GAND - Sei milioni di produzione subito. Fino a otto milioni con due milioni di tonnellate che arriverebbero da altri stabilimenti del gruppo. Arcelormittal lancia la sua sfida per l’acquisto dell’Ilva e illustra, per la prima volta, l’idea di turnaround per il colosso siderurgico di Taranto. Lo ha fatto ieri Geert Van Poelvoord, Ceo europeo dei prodotti piani, in una conferenza dallo stabilimento che è il fiore all’occhiello per ricerca e produzione di qualità, la fabbrica di Gand. Cuore della compagnia prima produttrice d’acciaio nel mondo, in Belgio, nel cuore dell’Europa.
Diciotto chilometri dalla città delle Fiandre, poche centinaia di metri dalla frazione più vicina, a Gand dove gli operai arrivano in bicicletta passando attraverso una foresta di duecento ettari. Qui il ciclo integrale viene assicurato da due altoforni per una produzione che l’anno scorso ha superato i cinque milioni di tonnellate. Ottocento ettari in tutto, dove il parco delle materie prime costeggia il canale Gent-Terneuzen e i laminatoi degli anni Sessanta sono affiancati dalle pale eoliche. «Perché per noi l’importanza dell’ambiente è fondamentale ed è per questo che piantiamo alberi», dicono dalla direzione dello stabilimento. Conservare la tradizione puntando all’innovazione. A fianco alla colata continua da 1.500 gradi ci sono laboratori di ricerca che arrivano a riciclare l’acqua per 25 volte fino a ottenere premi dal governo belga. E ogni bramma, ogni coils, le singole bobine, viene fotografata più volte per ottenere il massimo standard di qualità e la tracciabilità completa di fronte ai clienti.
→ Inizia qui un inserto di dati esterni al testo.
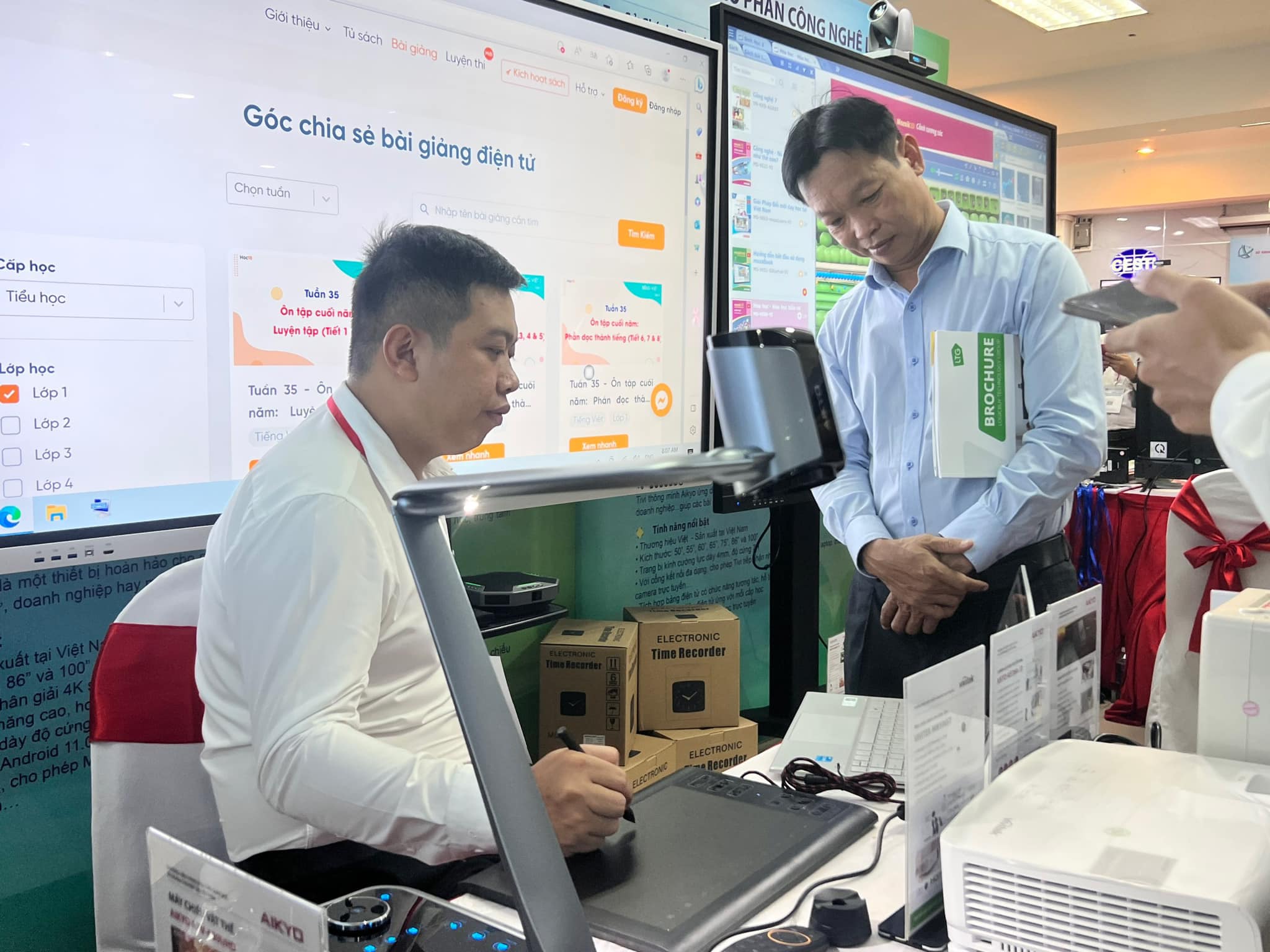 Giới thiệu hơn 100 công nghệ mới tại Techmart Chuyển đổi số giáo dục 2023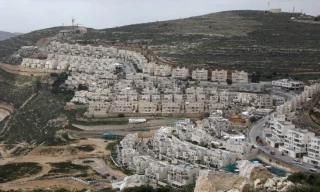 نخست وزیر جرم در حال بلعیدن تمام فلسطین!

نتانیاهو با احداث 800 واحد مسکونی جدید در کرانه باختری موافقت کرد+ واکنش‌ها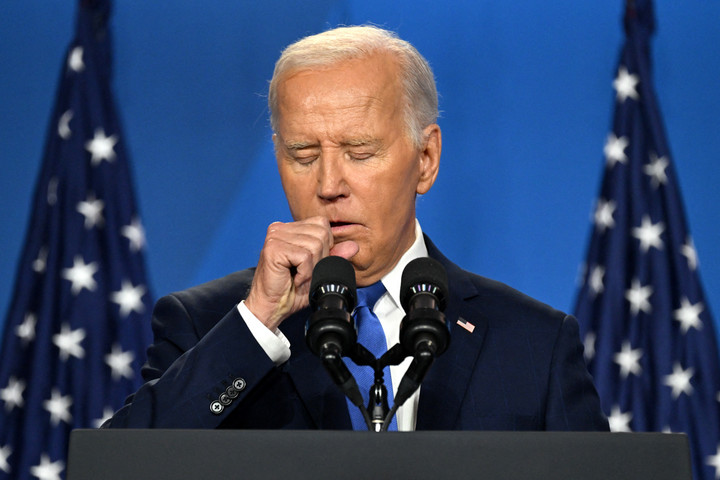 Joe Biden visszatér Washingtonba, és szerdán nyilatkozatot tesz visszalépése körülményeiről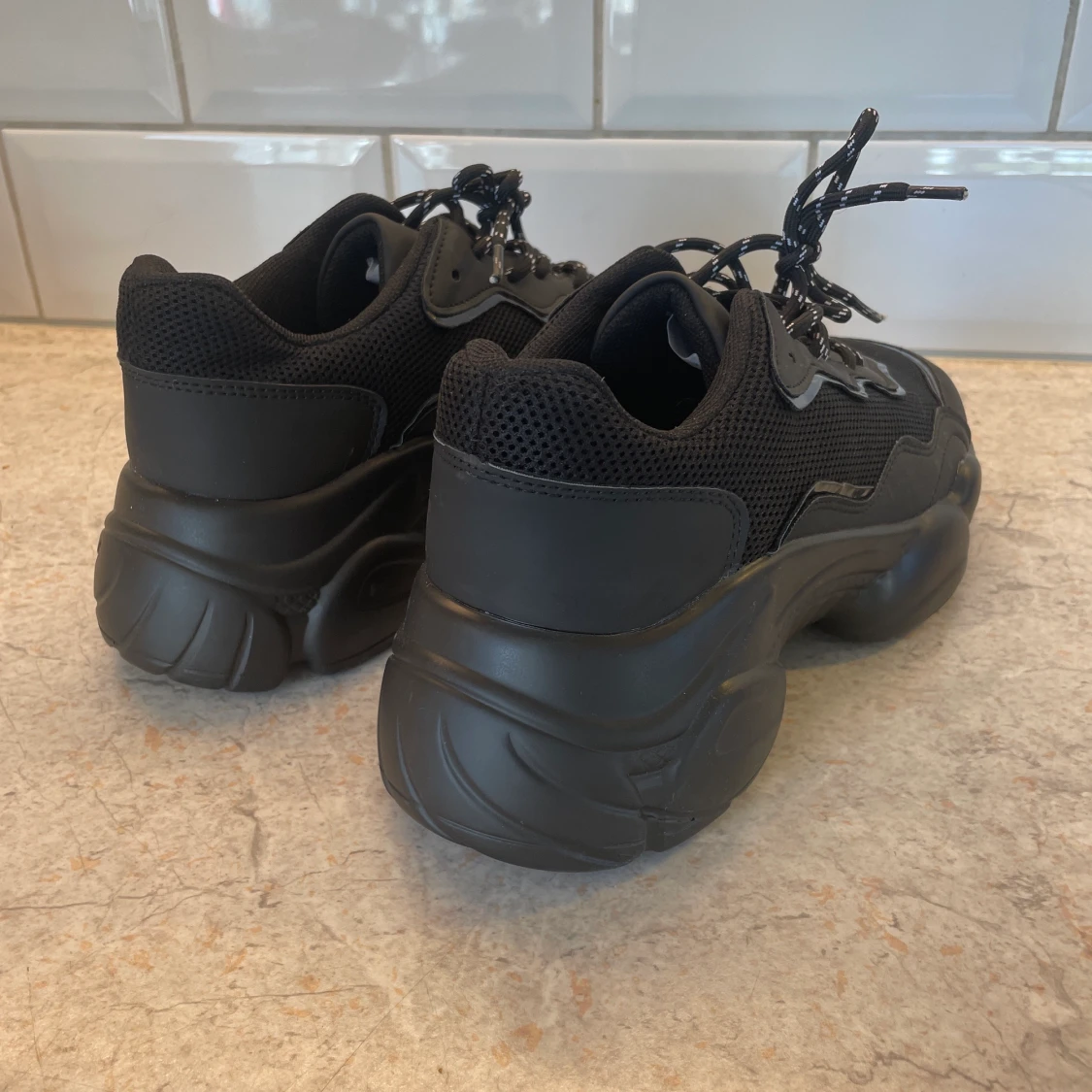 Sneakers från ASOS storlek 39 - 91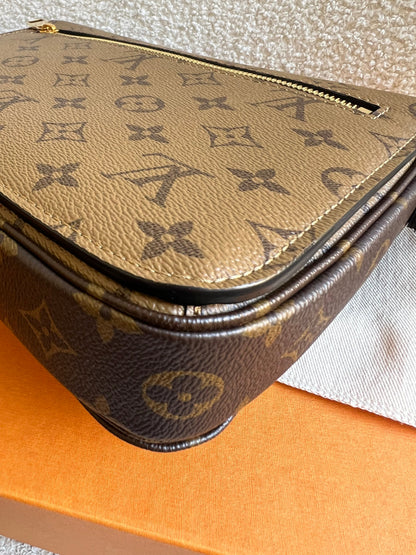 Louis Vuitton Pochette Metis Reverse Monogram (RRP £2,060)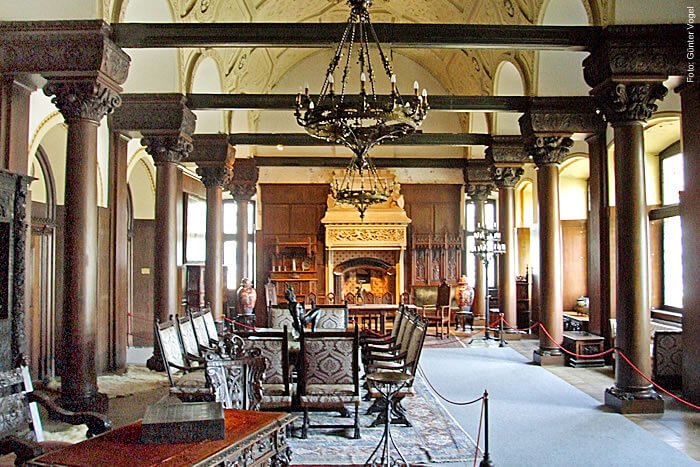 The Knights' Hall of the Reichsburg Castle in Cochem Knight's Hall
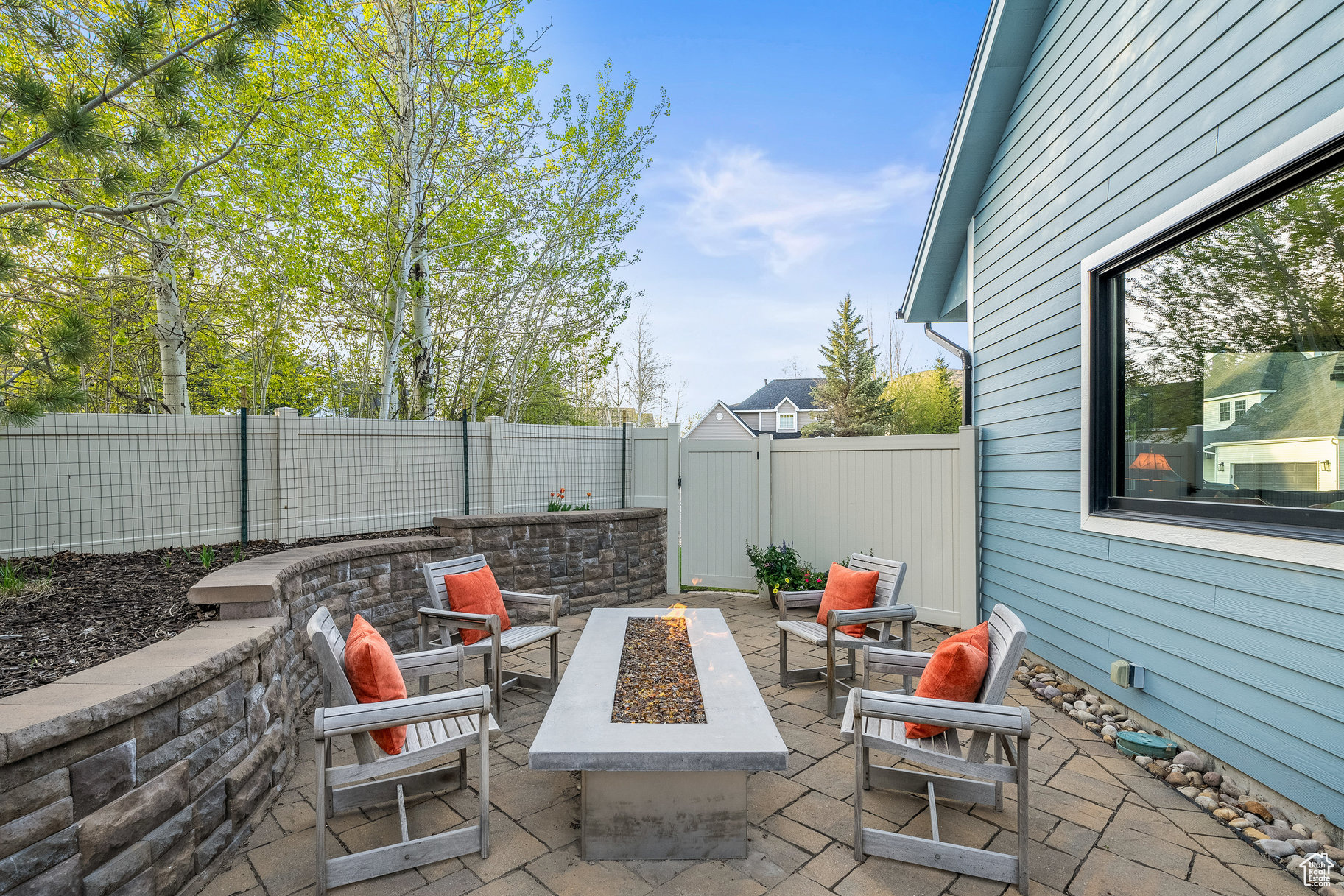 PROSPECTOR PARK - Residential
Una proiezione. Gand come Taranto ma con un programma di lunga durata, con una visione del lungo periodo.
Tre gli altoforni che Arcelormittal intenderebbe infatti utilizzare nel capoluogo jonico per assicurare da subito il limite massimo di sei milioni imposto dai vincoli di legge fino al completamento delle prescrizioni ambientali. Gli altri due milioni, per i primi anni, potrebbero essere comunque raggiunti con le bramme già pronte, probabilmente quelle realizzate dallo stabilimento francese più vicino. L’impegno economico che deriverebbe dal risanamento dell’altoforno numero 5, il maggiore di quelli jonici è uno dei più grandi d’Europa, appare al momento troppo oneroso (la stima è di circa 250-300 milioni di euro) per essere considerato. D’altra parte la volontà di Arcelormittal è acquisire il gruppo Ilva – in tutti i suoi asset, compresi gli stabilimenti di Genova e Novi Ligure - per avviare la produzione da subito, valutando successivamente quali impianti far tornare a regime per rendere nuovamente competitiva l’Ilva. «Siamo pronti a partire dal primo giorno. La nostra prima sfida su Taranto è ambientale, la seconda di trasformazione industriale che è complessa come la prima, la terza è commerciale perché l’Ilva ha una reputazione negativa sul mercato. Occorre produzione di massima qualità per ritornare a convincere i clienti», ha detto il manager.
 

 

Il fattore tempo è quindi decisivo. «Più si aspetta è più ci saranno difficoltà, più si rischia di perdere opportunità e di garantire la performance. Occorrono molti sforzi per ammodernare, ma più lo stabilimento è privo di gestione e peggio è. Abbiamo già perso l’altoforno 5».
Arcelormittal, in cordata con l’italiana Marcegaglia, sta preparando i dettagli dell’offerta. Le clausole di riservatezza impediscono a Van Poelvoorde di rispondere alle domande incalzanti dei giornalisti sul piano ambientale e sull’offerta economica. Sulle prescrizioni previste dall’Aia, delle quali è parte integrante la copertura dei parchi minerali di Taranto, non si pronuncia se non per dire che sarà realizzato quanto stabilito dal Governo. Così anche per la proposta occupazionale: «Sarà parametrata alla produzione che realizzeremo», risponde brevemente.
L’offerta economica in preparazione è top secret ma di certo si può fare un parallelo con quanto Arcelormittal investe, da sola, per i suoi stabilimenti. Una base da cui partire sono «venti euro a tonnellata per uno stabilimento normale, ma per Ilva ne occorrono molti di più perché l’Ilva è un po’ disastrata».
La certezza è che la proposta di Am Invest co Italy (la cordata di Arcelormittal e Marcegaglia) esclude la decarbonizzazione. «I forni elettrici non sono compatibili con i prodotti piani. È molto più costoso e non si può essere competitivi con questo tipo di prodotti. Si può sognare di avere prezzi interessanti con il gas e il preridotto ma questa è la realtà della produzione competitiva in Europa che si realizza solo con gli altiforni. Noi non creiamo impianti che non siano redditizi».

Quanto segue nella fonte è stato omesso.